- **What you are asked to do**
Copy the data that follows exactly, and include none of its images.

- **The records**

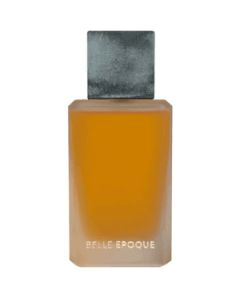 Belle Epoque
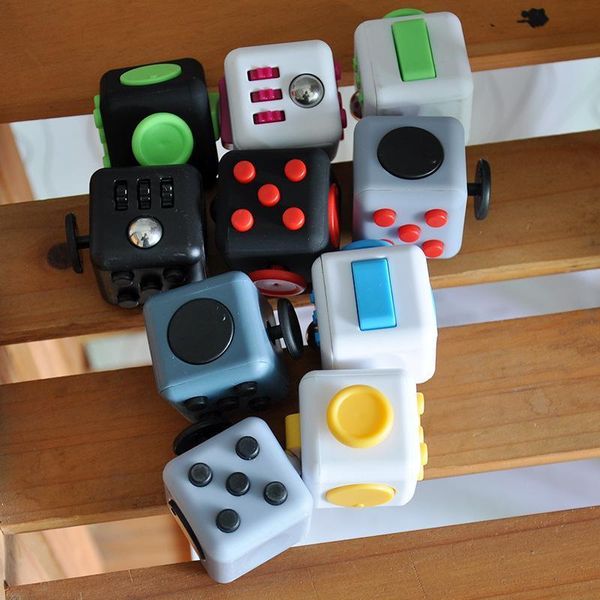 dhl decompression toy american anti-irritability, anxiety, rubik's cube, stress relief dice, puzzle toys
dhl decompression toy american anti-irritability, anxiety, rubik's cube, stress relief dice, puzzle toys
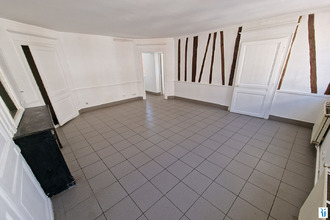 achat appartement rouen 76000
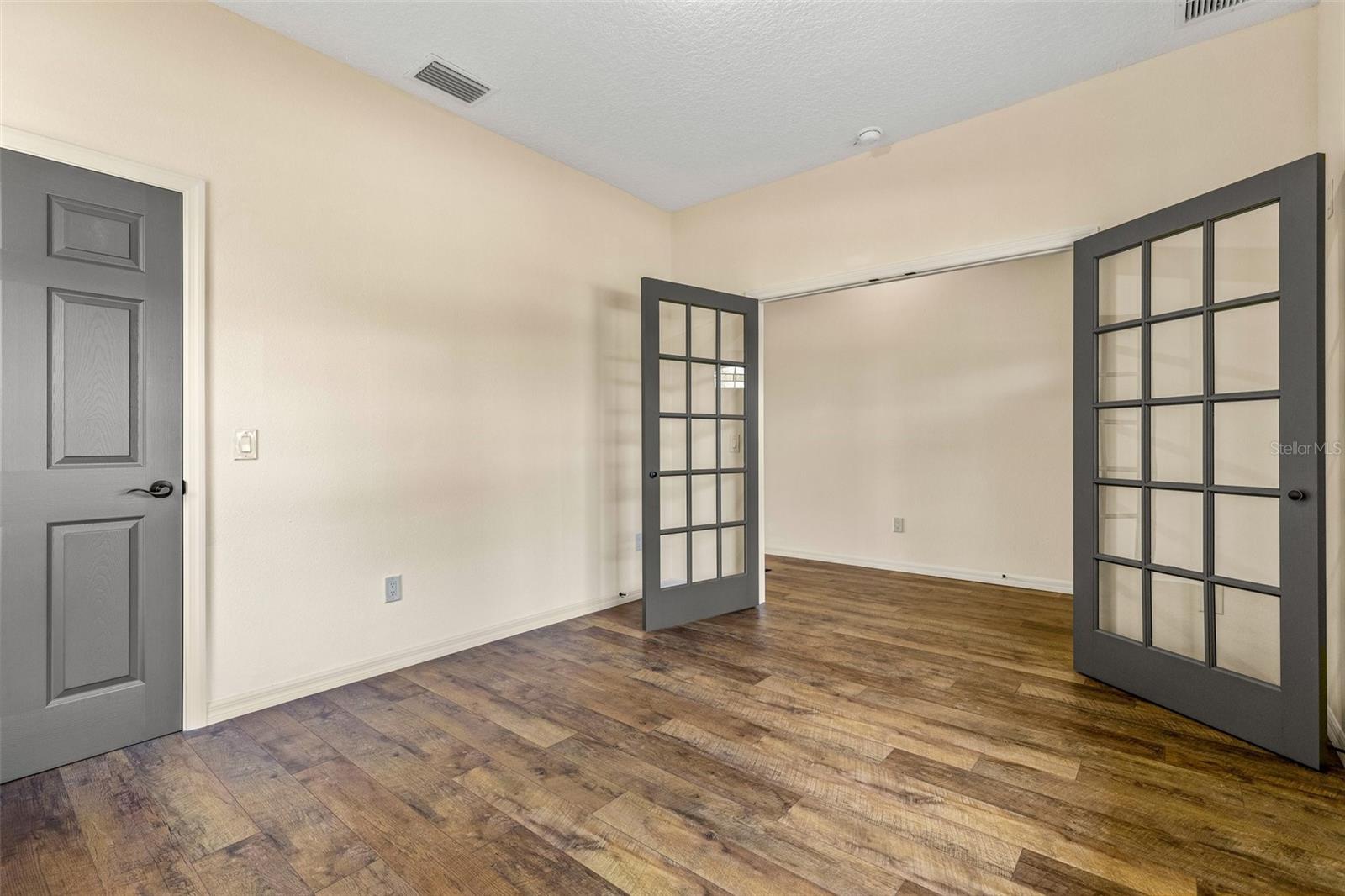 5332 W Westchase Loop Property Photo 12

- **Finished task**
 Belle Epoque
 dhl decompression toy american anti-irritability, anxiety, rubik's cube, stress relief dice, puzzle toys
dhl decompression toy american anti-irritability, anxiety, rubik's cube, stress relief dice, puzzle toys
 achat appartement rouen 76000
 5332 W Westchase Loop Property Photo 12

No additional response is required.